The 13.6 per cent ratio is based on the area of foreign owned land, but I expect the share of foreign ownership in terms of the value of Australian agricultural land would be even lower. While consistent data on land values is not available, more than 80 per cent of foreign owned land is held in large leasehold interests where the productivity of land is typically lower than smaller freehold aggregations.
In 2015-16, FIRB approved investment applications for agriculture, forestry and fishing investment applications valued at $4.6 billion, an increase of over 80 per cent on 2014-15 ($2.5 billion).
In the last few years there have been hundreds of agricultural land approvals. In 2015-16 there were 227 approvals for agricultural land. Of course there was one high profile case that raised particular concerns (Kidman), but overwhelmingly these cases are being approved.
The USA, China, and the UK were the leading sources of proposed investment.
The Board is cognisant of the community debate around foreign investment in agricultural land which has intensified in recent years, on the back of increasing community sensitivity. And these matters are of course an important consideration for the Treasurer in looking at the national interest.
Role of foreign investment in agriculture
As a large, resource rich country with relatively high demand for capital, Australia has relied on foreign investment to meet the shortfall of domestic savings against domestic investment needs for over two centuries. In 2012, ANZ’s Greener Pastures Report estimated that Australia may need in the order of $1 trillion in investment up to 2050 to develop the export potential of the sector.
While Australia’s financial institutions will play an important role in providing that capital, foreign capital will also need to play a vital role.
Foreign investment has always played a key role in the agriculture sector, particularly given the significance nowadays of technological advances to enhance productivity. The sector is a part of the broader boom in innovation across the Australian economy. New technologies will support farm businesses to tackle heightened regional competition, growing international resource scarcity, and other challenges.
There are significant opportunities in northern Australia in particular. Northern Australian agriculture and food and fibre processing has significant potential for expansion. Research and development will lead to greater yields and profitability, and will explore new products, production methods, technologies and broad innovation.
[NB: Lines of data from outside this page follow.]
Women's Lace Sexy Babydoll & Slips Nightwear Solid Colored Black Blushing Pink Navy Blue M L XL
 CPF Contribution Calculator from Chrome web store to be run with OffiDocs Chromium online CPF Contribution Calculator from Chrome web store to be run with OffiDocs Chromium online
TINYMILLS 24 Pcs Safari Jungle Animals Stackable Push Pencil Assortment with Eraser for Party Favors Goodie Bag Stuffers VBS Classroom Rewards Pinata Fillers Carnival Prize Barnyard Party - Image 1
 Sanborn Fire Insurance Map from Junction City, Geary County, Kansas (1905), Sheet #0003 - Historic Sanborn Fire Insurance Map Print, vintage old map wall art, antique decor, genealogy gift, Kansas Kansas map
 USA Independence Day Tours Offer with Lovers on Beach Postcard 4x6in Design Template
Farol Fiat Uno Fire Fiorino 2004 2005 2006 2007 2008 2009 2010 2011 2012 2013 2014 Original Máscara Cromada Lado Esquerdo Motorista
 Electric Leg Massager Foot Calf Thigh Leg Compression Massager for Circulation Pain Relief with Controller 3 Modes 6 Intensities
We acknowledge that foreign investment has always had some element of community sensitivity. At the same time, Australians increasingly need to see the benefits of foreign investors looking after agricultural properties, contributing to the community, growing farm output and paying tax.
The FIRB takes seriously its role in facilitating this investment and providing assurance that it meets community standards. We encourage early engagement from investors and sellers to ensure all potential issues are understood and there is a productive two-way exchange about transactions.
With growing world demand for agricultural product the prospects for the Australian agricultural sector are bright. Foreign capital is crucial to growth, and we will need investment—including foreign investment—to realise the full potential of Australian agriculture.